No ano de 1955, Moacyr começou a cursar Medicina. Tornou-se professor e se dedicou à saúde pública. Fez pós-graduação em Israel, e doutorado no Brasil. Ele era médico e escritor. Há quatro anos, sofreu um AVC, e veio a falecer em 27 de fevereiro.

Scliar escreveu não só contos, mas também romances, novelas, e ensaios. Em seus textos aparece o conhecimento na área de medicina, e, principalmente, a influência pelo fato de ser judeu e filho de imigrantes europeus. Outras coisas presentes em alguns de seus textos são as questões políticas e a crítica à sociedade capitalista.
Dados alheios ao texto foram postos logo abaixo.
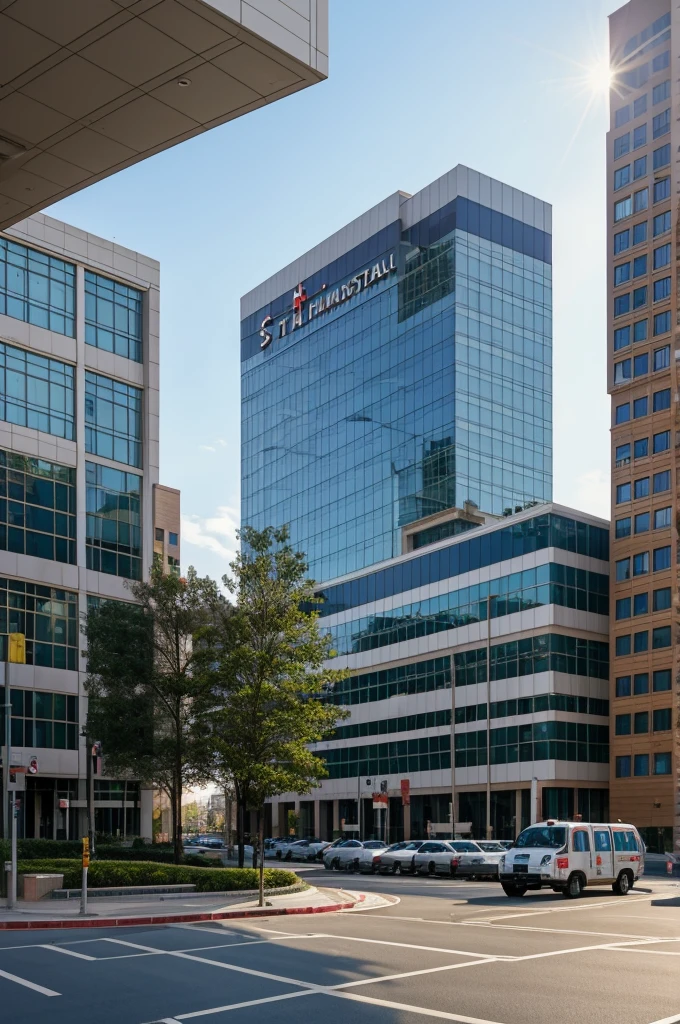 Panel 1: Wide Shot of Hospital BuildingForeground: The bustling street activity dominates the foreground, showcasing pedestrians walking briskly, a couple of parked cars, and a busy crosswalk.Midground: The hospital entrance is prominently displayed on the right side of the panel, with sliding glass doors and people entering and exiting. A sign above the entrance reads "St. Mary's Hospital."Background: The hospital building rises prominently against the skyline, with several floors visible through large windows. The architecture suggests a modern medical facility, blending seamlessly with the urban environment.Atmosphere: The scene conveys a sense of urgency and activity typical of a busy urban hospital, with ambulances and taxis passing by, and medical staff in scrubs moving purposefully.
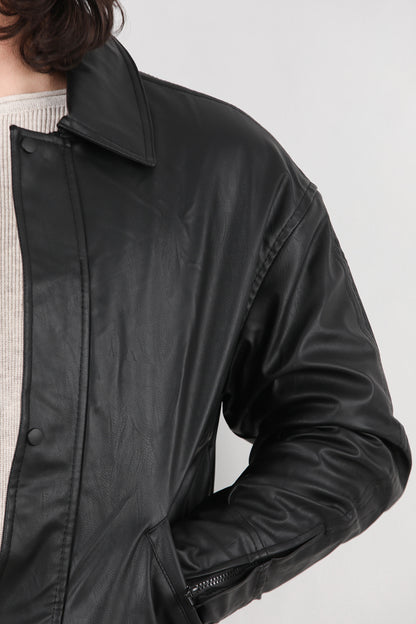 Widehide Erkek Geniş Kalıp Deri Mont Siyah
Seus personagens fogem da normalidade, e sua escrita tem diversidade. Há um grande número de obras para crianças e adolescentes, e algumas adaptações de clássicos brasileiros. Moacyr escreveu para jornais, e recebeu vários prêmios literários. Alguns de seus livros foram traduzidos em vários países, e também foram adaptados para o cinema. No ano de 2003, foi eleito para a Academia Brasileira de Letras.

A Biblioteca Padre Elemar Scheid tem, em seu acervo, alguns livros de Moacyr Scliar. Boa leitura!